*ASSIGNMENT*.
Copy out exactly, from the entries that follow, the line holding "Omega Products DV40", the line holding "新传统老虎花腿纹身图片_腿部纹身图案", and all lines between them, but no pictures.

*DATA*.
*** Begin section ***

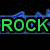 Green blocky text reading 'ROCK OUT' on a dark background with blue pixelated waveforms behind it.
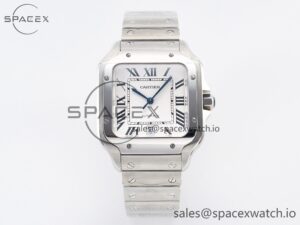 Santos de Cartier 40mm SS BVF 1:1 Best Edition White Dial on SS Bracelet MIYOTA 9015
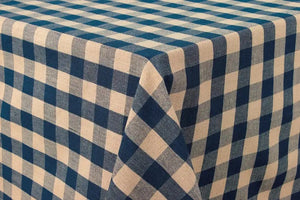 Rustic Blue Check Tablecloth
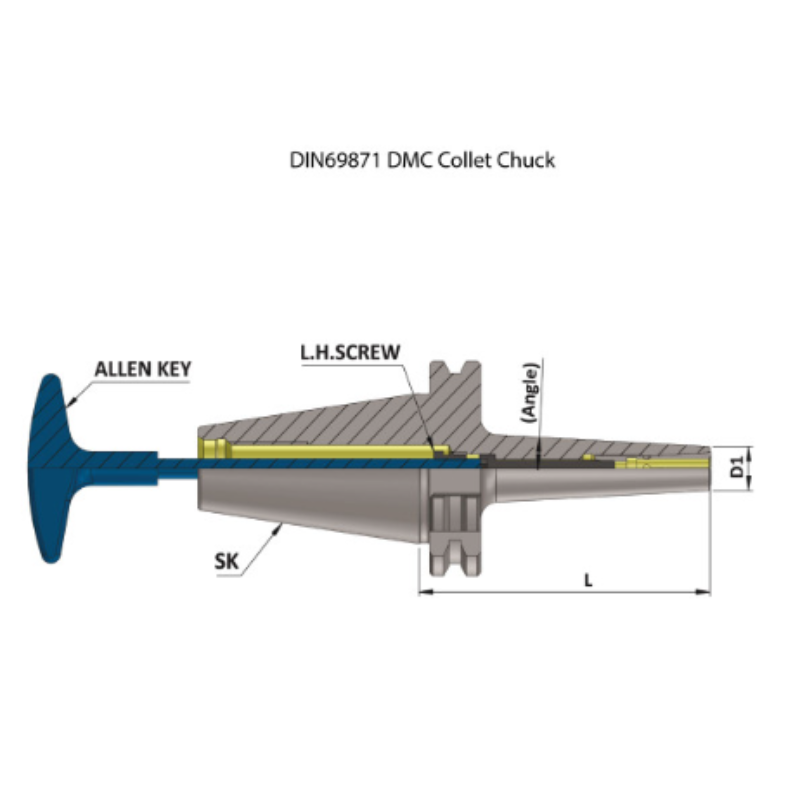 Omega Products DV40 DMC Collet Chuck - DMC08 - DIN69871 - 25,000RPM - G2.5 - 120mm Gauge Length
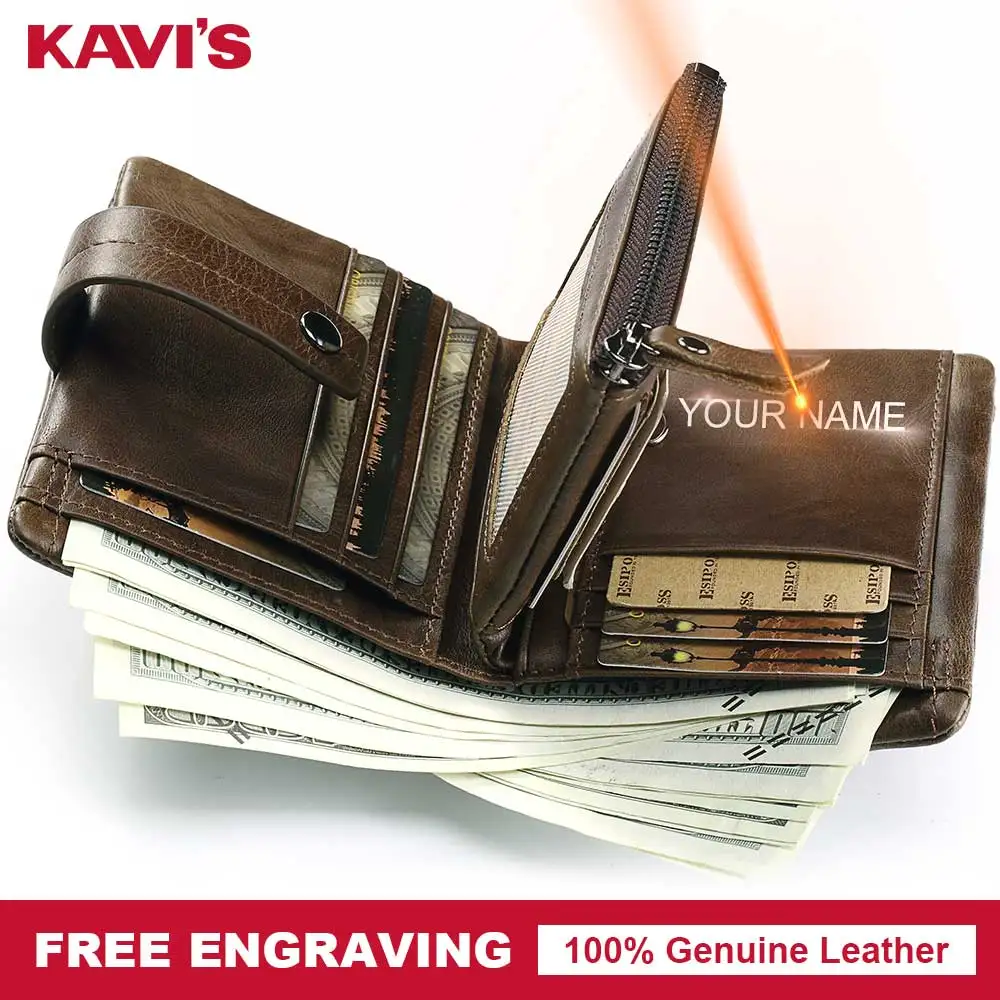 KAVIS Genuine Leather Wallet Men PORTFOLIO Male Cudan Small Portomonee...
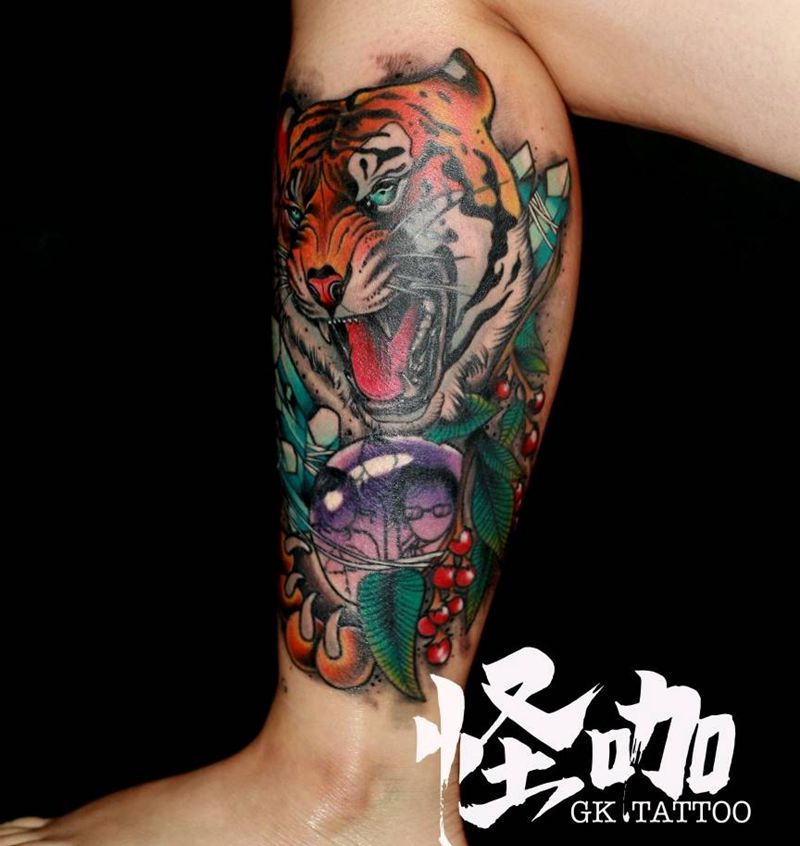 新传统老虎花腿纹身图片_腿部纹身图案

*** End section ***
*** Begin section ***

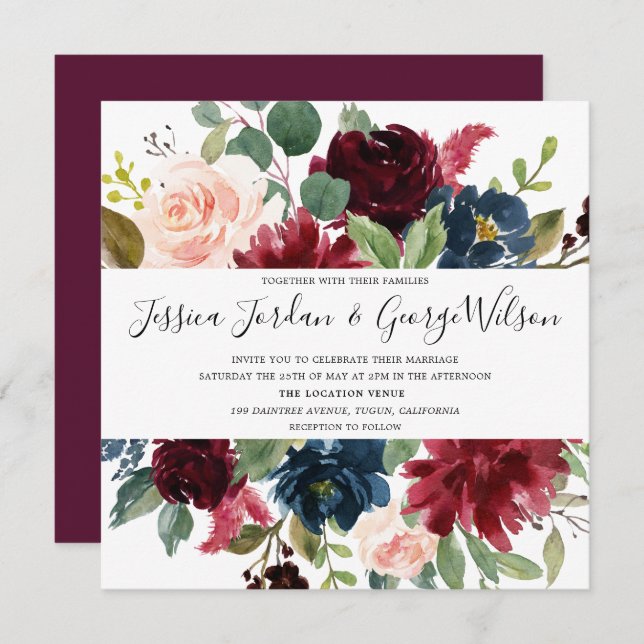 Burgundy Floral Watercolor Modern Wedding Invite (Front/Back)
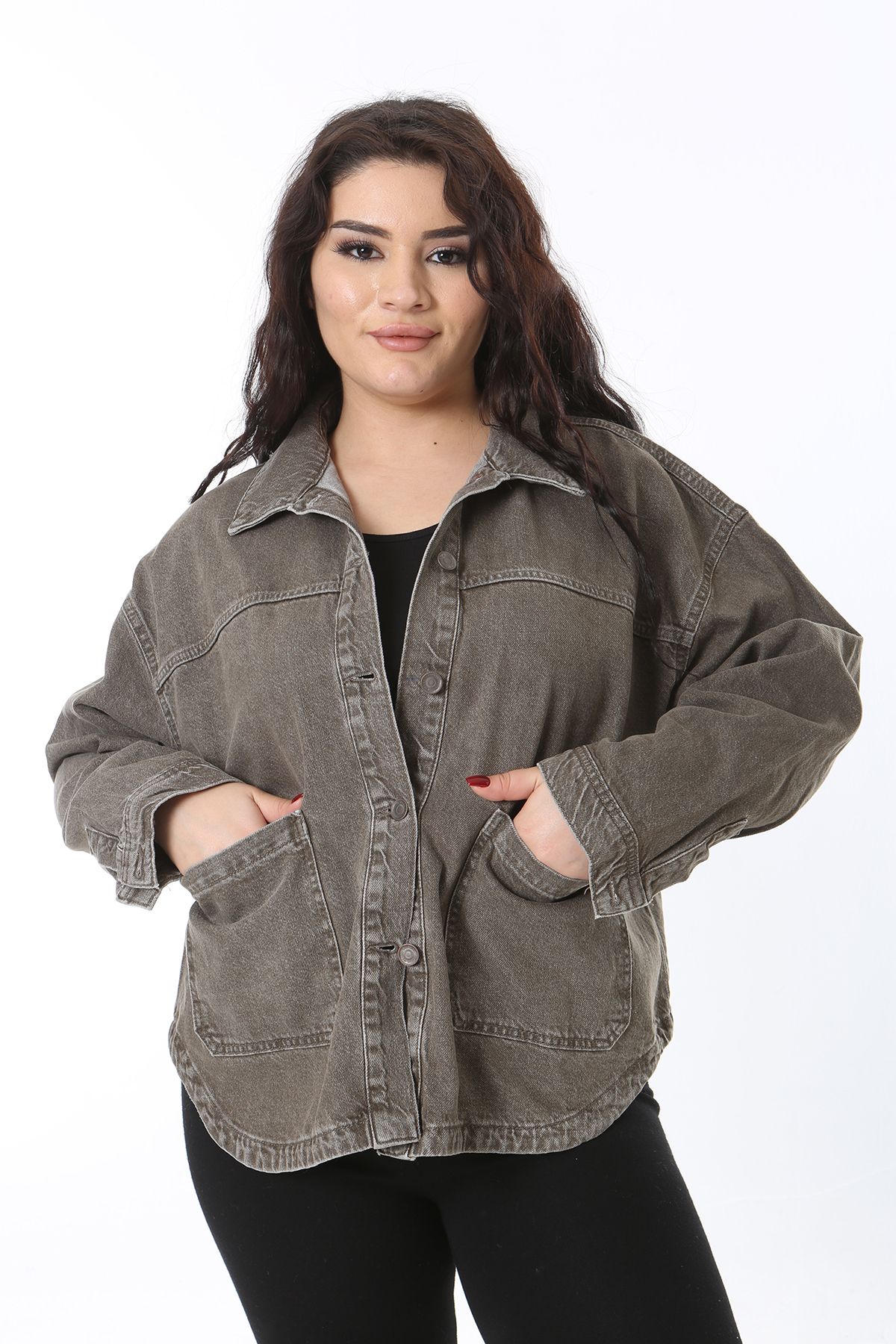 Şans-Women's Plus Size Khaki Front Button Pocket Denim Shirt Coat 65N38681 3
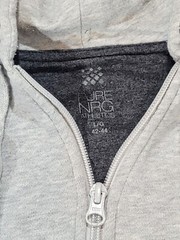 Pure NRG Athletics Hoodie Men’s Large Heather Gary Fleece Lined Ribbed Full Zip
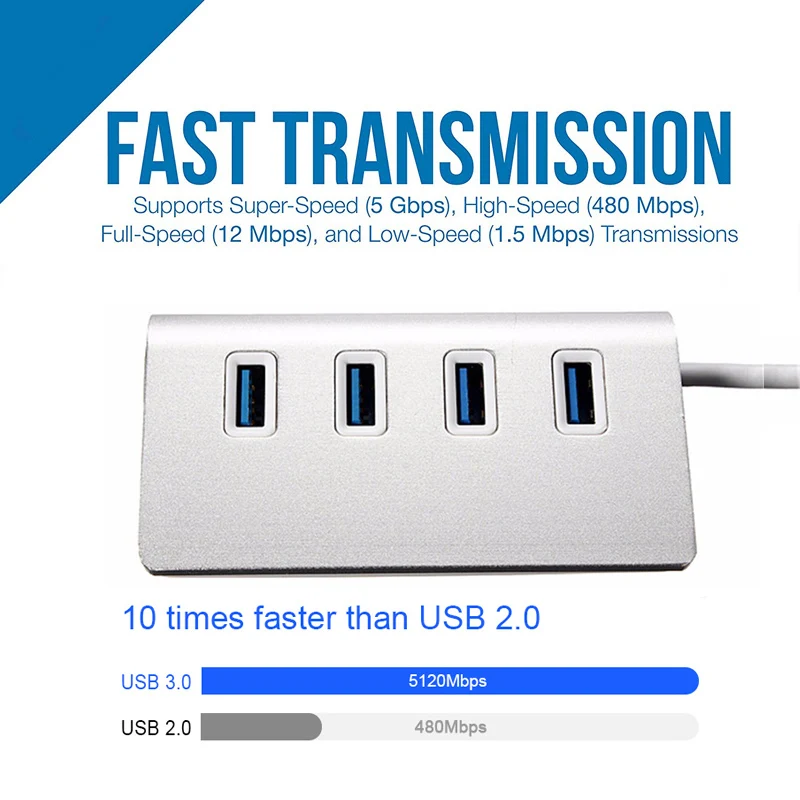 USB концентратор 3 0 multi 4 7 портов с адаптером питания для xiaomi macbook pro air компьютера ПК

*** End section ***

*EXPECTED ANSWER*.
 Omega Products DV40 DMC Collet Chuck - DMC08 - DIN69871 - 25,000RPM - G2.5 - 120mm Gauge Length
 KAVIS Genuine Leather Wallet Men PORTFOLIO Male Cudan Small Portomonee...
 新传统老虎花腿纹身图片_腿部纹身图案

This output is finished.